Start of Excerpted records
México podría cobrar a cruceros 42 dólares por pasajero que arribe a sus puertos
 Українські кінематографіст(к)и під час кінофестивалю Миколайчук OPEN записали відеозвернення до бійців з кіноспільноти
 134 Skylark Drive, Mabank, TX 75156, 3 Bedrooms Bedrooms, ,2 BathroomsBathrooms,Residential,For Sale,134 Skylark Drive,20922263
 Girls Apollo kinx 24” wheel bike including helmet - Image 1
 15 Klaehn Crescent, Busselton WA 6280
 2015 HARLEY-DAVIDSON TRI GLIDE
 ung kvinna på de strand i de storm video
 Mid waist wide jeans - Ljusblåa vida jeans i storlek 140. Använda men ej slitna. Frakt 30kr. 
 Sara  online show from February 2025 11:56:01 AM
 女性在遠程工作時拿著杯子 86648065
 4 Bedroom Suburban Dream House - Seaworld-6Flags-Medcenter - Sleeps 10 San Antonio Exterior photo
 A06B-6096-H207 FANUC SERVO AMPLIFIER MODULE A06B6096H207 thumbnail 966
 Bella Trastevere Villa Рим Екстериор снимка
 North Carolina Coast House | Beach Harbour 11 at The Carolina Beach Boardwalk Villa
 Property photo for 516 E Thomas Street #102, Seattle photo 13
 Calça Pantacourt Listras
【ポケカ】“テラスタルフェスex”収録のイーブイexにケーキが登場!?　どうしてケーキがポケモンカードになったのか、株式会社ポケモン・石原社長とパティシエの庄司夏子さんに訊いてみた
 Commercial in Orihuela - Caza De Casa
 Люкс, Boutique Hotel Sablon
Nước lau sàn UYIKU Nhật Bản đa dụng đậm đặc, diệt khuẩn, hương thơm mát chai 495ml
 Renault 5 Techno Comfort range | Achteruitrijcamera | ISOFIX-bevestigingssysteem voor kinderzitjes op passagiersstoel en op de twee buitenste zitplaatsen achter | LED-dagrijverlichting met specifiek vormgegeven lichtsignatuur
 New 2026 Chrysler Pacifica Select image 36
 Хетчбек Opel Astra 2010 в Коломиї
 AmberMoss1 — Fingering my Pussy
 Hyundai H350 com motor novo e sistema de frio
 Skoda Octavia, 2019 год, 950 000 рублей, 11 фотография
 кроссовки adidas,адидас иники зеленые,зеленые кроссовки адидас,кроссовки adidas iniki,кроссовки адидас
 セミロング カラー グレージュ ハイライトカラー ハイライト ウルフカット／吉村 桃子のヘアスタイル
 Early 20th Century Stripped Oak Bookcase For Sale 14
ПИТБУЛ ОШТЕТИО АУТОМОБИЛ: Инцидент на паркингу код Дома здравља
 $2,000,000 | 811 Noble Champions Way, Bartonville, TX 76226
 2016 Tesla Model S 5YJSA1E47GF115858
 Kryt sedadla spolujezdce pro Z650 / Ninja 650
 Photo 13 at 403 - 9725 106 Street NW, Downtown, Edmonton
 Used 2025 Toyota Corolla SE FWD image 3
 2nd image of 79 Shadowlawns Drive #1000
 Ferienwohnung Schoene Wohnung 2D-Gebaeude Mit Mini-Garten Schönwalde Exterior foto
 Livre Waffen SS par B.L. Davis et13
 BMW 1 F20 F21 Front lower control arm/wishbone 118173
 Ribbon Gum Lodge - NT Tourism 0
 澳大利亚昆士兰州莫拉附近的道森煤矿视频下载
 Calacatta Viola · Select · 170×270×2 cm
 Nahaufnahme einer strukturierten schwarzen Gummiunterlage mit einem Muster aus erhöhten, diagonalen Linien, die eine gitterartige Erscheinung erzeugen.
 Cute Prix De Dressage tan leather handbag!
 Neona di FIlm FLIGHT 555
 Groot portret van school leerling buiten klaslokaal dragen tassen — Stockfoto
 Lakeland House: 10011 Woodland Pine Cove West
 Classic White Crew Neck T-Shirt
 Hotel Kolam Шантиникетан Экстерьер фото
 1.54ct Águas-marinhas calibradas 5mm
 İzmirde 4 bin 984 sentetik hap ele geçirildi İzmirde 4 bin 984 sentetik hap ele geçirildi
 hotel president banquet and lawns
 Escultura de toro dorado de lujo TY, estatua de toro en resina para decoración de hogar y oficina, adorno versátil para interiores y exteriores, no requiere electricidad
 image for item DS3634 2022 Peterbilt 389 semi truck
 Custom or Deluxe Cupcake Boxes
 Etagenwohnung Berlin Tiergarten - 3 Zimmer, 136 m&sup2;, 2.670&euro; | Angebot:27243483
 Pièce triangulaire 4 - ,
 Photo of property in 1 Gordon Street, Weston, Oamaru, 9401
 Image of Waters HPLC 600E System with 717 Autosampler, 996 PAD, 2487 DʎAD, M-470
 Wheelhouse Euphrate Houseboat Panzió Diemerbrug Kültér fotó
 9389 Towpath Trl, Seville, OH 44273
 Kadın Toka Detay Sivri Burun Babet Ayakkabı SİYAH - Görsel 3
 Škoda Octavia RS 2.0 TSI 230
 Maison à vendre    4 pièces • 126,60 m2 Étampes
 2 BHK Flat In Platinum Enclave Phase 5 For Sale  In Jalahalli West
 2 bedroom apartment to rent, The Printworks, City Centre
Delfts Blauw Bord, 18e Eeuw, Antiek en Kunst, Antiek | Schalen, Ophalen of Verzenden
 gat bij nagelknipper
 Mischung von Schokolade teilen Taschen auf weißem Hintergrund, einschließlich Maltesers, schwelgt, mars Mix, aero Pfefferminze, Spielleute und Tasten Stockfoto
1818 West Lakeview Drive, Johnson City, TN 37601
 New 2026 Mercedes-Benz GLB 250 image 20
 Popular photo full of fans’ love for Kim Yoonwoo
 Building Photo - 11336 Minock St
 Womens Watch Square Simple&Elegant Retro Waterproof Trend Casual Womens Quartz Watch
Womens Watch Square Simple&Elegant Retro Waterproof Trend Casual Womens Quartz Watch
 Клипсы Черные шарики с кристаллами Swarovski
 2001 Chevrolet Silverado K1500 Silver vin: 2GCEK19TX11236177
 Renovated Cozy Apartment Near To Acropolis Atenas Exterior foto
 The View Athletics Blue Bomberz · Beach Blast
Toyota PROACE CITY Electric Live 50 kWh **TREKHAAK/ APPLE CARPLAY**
End of Excerpted records
### Exercise details
After locating the line with "Mischung von Schokolade", please repeat it and every line after it exactly, through the end of the data above.

### Result for this exercise
 Mischung von Schokolade teilen Taschen auf weißem Hintergrund, einschließlich Maltesers, schwelgt, mars Mix, aero Pfefferminze, Spielleute und Tasten Stockfoto
1818 West Lakeview Drive, Johnson City, TN 37601
 New 2026 Mercedes-Benz GLB 250 image 20
 Popular photo full of fans’ love for Kim Yoonwoo
 Building Photo - 11336 Minock St
 Womens Watch Square Simple&Elegant Retro Waterproof Trend Casual Womens Quartz Watch
Womens Watch Square Simple&Elegant Retro Waterproof Trend Casual Womens Quartz Watch
 Клипсы Черные шарики с кристаллами Swarovski
 2001 Chevrolet Silverado K1500 Silver vin: 2GCEK19TX11236177
 Renovated Cozy Apartment Near To Acropolis Atenas Exterior foto
 The View Athletics Blue Bomberz · Beach Blast
Toyota PROACE CITY Electric Live 50 kWh **TREKHAAK/ APPLE CARPLAY**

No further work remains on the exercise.